However, as the resolution of input images increases, the size of the cost volumes processed by MVS methods expands rapidly, leading to a surge in the demand for computational resources. This has prompted researchers to explore depth-optimized networks, such as FastMVSNet [5], which optimize computational efficiency through the construction of sparse cost volumes and efficient network architectures, and enhance the precision of depth estimation through iterative optimization strategies [21].

Moreover, the concept of cascaded cost volume [22–24] has been applied to variants of MVSNet. CasMVSNet [22] incrementally enhances the fineness of depth predictions by constructing the cost volume in multiple stages. This strategy reduces the direct computational demands for high-resolution depth information, adopting a coarse-to-fine approach to gradually refine depth details, effectively balancing accuracy and computational efficiency.

Recent advances in this field include the MVSTR network, which utilizes a global-context Transformer module and a 3D-consistency Transformer module to capture dense and globally consistent features for multi-view stereo, showing excellent performance on the DTU dataset. Additionally, the SSC-MVS framework introduces a novel unsupervised learning strategy with pseudo-depth supervision and a consistency-based training mechanism, achieving state-of-the-art results among unsupervised methods and demonstrating potential to outperform fully supervised approaches [25, 26].
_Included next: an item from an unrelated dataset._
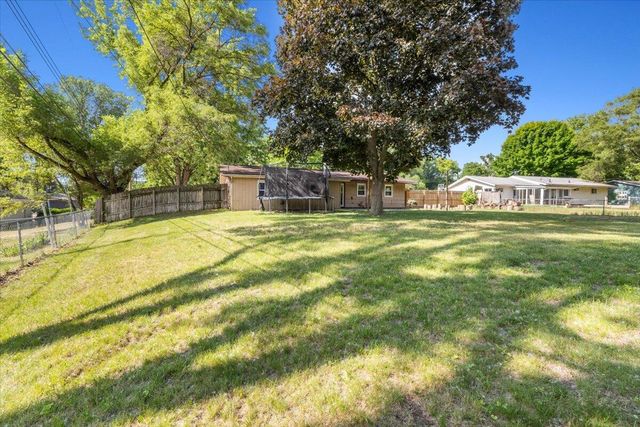 210 Beaver Street, Brighton, MI 48116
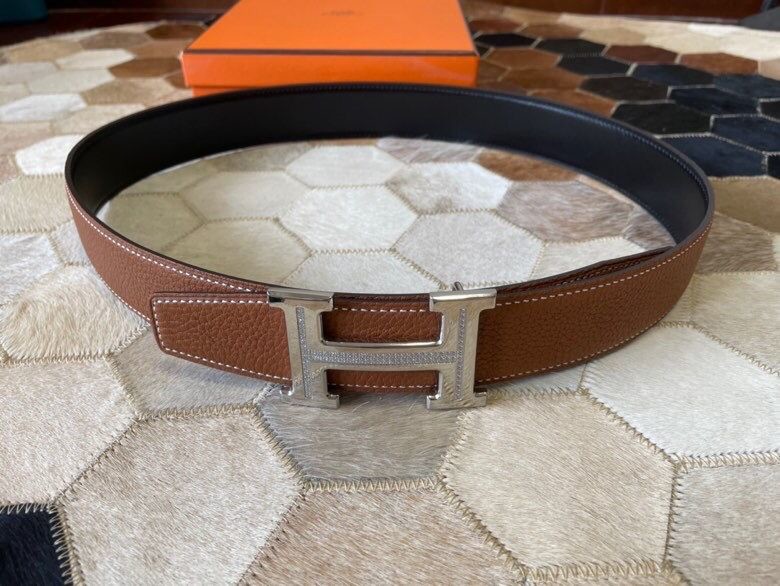 Hermes Stainless steel H single-row studded leather belt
The 2T-UNet model replaces traditional cost volume construction with a dual-tower convolutional neural network, utilizing left and right stereo images along with monocular depth cue information as inputs, significantly enhancing the quality of scene geometry prediction. It surpasses existing monocular and stereo depth estimation methods, particularly in complex natural scenes. Additionally, the deep learning architecture for multi-exposure stereo depth estimation introduces innovative stereo matching techniques and a mono-to-stereo transfer learning approach, avoiding traditional cost volume construction. By fusing disparity maps at different exposure levels, it provides robust support for various 3D HDR applications. Lastly, the SDE-DualENet model achieves stereo depth estimation without constructing a cost volume by employing a dual-tower convolutional neural network based on the EfficientNet architecture. This method performs pixel matching with different weights in the dual towers, excelling in handling complex scenes with high detail and large depth variations [27–30].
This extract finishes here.